Idiot Prayer – Nick Cave Alone at Alexandra Palace
Regie und Musik: Nick Cave
Land, Jahr: UK, 2020
Website: nickcave.com
Foto: Joel Ryan
Alleine und im eleganten Anzug gekleidet durchschreitet Nick Cave selbstsicher den Alexandra Palace in London. Menschenleer ist die bekannte Konzerthalle, nur ein Flügel von Fazioli steht inmitten des warm beleuchteten Saals. Der australische Künstler setzt sich hin, berührt sanft die Tasten und öffnet sein Herz und Geist.

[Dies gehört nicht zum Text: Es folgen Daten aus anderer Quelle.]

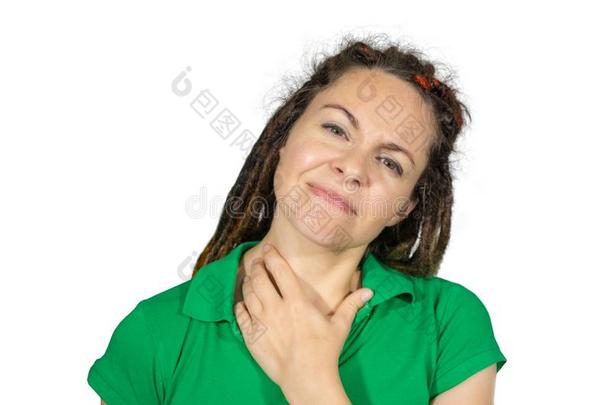 咽喉痛苦.特写镜头关于恶心的女人和疼痛的咽喉感觉坏的,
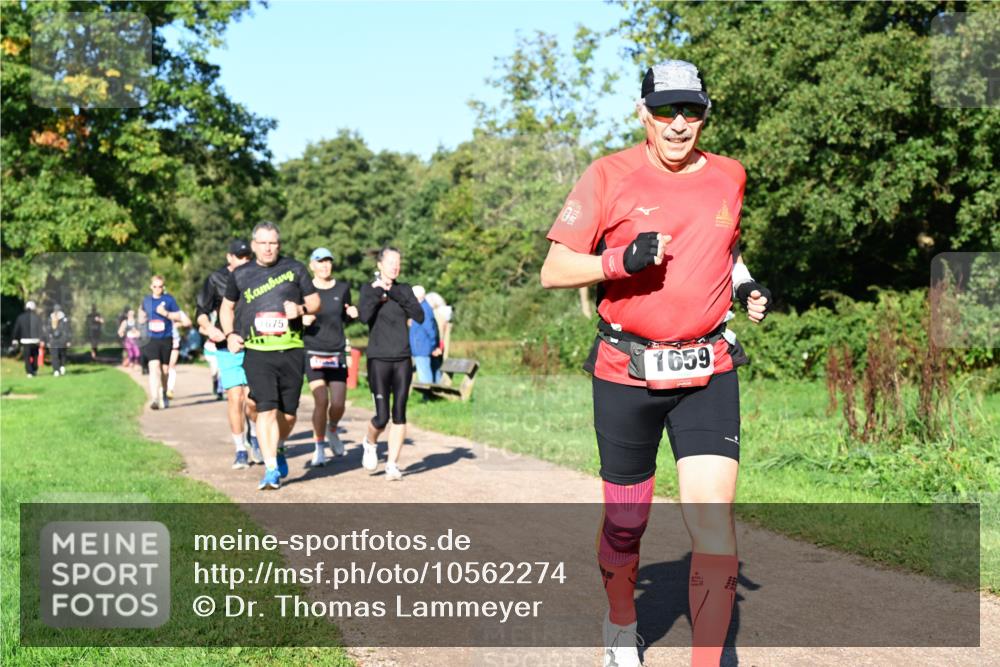 27.09.2026 - 35. Volkslauf durch das schöne Alstertal Dr. Thomas Lammeyer http://msf.ph/oto/10562274 27.09.2026 10:07:25 Laufen 1675, 1659 meine-sportfotos.de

Im Juli als Streaming-Event aufgezogen, ist „Nick Cave Alone at Alexandra Palace“ eine intime und reduzierte Begegnung mit dem Musiker, der im letzten Jahr mit „Ghosteen“ die Welt zu Tränen rührte. Ein Querschnitt seiner gesamten Karriere als Grundlage, gespielt auf dem Klavier und andächtig. Anfängliche Bedenken waren schnell verflogen: Nick Cave im dunklen Kinosaal beim Musizieren zuzusehen ist mehr als berührend.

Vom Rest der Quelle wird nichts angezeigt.